Wednesday, April 17, 2013

Two-Wheels Good

Let me start by reminding you that riding a bicycle is impossible. Impossible. Bicycles are two-dimensional objects – especially my ageing wannabe racing bike. And we expect these two-dimensional objects to propel us, increasingly three-dimensional objects, along a plane perpendicular to the aforementioned bicycle. A plane that exerts a gravitational pull on us and is hard and jagged enough to bruise and graze us – or worse – when the geometry of cycling fails and the gravity gets a hold of us.

Riding a bicycle is impossible. Earlier humans seeing us riding bikes would burn us as devils or witches. Yet billions of us do it every day; Defying gravity, the gods and good judgement. It’s not only fun, enhealthening (note to self: check dictionary), but a very practical way of getting from A to B.


As you might have gathered from this blog, I live in Amsterdam which is famous for having a free and liberal attitude to cycling.
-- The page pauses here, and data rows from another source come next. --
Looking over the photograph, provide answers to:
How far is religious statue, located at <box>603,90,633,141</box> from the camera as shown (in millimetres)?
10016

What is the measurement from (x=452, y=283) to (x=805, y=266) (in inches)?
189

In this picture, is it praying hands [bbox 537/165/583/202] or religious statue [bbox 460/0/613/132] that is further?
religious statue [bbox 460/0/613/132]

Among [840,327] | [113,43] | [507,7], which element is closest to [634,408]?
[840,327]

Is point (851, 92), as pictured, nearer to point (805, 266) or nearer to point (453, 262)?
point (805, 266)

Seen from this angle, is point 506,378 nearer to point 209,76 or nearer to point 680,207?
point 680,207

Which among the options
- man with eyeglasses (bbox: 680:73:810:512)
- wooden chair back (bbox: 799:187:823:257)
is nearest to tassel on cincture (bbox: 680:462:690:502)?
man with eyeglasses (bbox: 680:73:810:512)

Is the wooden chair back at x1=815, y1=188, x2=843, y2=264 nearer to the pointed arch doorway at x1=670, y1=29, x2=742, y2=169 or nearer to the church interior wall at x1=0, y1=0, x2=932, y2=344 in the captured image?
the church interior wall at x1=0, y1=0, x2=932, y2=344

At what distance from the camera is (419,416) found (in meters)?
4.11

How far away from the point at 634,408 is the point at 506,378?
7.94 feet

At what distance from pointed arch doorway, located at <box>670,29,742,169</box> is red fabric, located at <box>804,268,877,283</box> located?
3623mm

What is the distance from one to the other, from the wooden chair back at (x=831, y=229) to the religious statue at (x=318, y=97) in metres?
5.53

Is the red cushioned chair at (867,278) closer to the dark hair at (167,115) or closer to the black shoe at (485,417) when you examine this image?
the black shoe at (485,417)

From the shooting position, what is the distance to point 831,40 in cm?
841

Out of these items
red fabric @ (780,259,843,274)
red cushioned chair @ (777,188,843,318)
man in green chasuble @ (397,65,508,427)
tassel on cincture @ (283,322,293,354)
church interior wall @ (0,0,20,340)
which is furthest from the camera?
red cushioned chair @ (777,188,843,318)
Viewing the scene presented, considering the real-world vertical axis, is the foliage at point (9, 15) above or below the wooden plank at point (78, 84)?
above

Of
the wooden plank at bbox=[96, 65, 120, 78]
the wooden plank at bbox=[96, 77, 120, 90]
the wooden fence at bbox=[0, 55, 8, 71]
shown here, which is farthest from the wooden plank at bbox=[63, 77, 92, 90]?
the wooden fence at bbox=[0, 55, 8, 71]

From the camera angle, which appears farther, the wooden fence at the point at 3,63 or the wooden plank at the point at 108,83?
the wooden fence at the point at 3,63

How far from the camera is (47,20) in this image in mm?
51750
Compared to many other big cities where cycling is treated like a criminal offense, Amsterdam seems to positively welcome cycling and cyclists. Cycle paths not only exist but are clear, visible and don’t suddenly stop and become a wall as they do in some places.

The streets swarm with cyclists at most hours of the day and especially in the morning and evening at those times when people bring and collect their kids to and from the various kid-repositories and bring and collect themselves to and from the place they keep themselves during the day (usually a place of work, but not exclusively).
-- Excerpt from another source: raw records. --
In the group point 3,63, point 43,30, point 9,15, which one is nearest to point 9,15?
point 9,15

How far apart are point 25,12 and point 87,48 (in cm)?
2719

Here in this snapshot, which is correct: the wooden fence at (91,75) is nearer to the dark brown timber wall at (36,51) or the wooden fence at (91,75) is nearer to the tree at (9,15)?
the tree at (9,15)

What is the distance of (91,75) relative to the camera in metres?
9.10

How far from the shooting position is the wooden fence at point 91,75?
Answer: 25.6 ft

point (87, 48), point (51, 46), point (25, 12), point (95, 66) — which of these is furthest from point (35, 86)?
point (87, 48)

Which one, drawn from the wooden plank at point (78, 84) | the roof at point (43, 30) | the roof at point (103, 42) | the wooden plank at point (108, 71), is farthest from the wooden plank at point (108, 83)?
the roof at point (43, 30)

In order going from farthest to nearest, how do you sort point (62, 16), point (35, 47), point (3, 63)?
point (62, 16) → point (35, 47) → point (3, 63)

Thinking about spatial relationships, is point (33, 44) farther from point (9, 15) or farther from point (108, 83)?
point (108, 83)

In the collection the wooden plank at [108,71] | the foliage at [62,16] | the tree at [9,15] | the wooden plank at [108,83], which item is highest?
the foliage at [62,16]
This morning was one of those days where people cycling in front of you randomly and suddenly slow down for no apparent reason. The whole journey was me braking to avoid nudging into the back of some work-bound Amsterdammer. It was especially difficult because today I had been paying more attention to the street than other parts of the environment. This was due to my recent flat tire from which I pulled a hunk of glass which was a perfect scale model of an iceberg. So today I was studiously watching out for flocks of icebergs.

playmobil policeBy the end of my journey, I was paying more attention to the frequently stopping bikes and other eye-level hazards with only glances towards the glassy danger that lurked below because a flat tire won’t kill you. It saved me from ploughing into the back of the last cyclists that randomly stopped in front of me: two policewomen both with impressive blond ponytails poking out from under their cycle-cop caps.

It was then my mood was set for the day. I realised how happy I was to live in a city where my protection was provided by three-dimensional, blond devil-witches effortlessly doing the geometrically and gravitationally impossible. How can you not appreciate that?

2 comments:

Unknown said...

Buy some wheel goo, or slime-filled tyres - punctures happen but then make NO DIFFERENCE! Shaun has 8 in one wheel. As long as you don't leave the bike for months (when potentially the goo could slip down to the wheel bottom) you never need a puncture repair kit again.

Peter More said...

that's exciting future stuff! I'll look for it. Does it attract police women as well?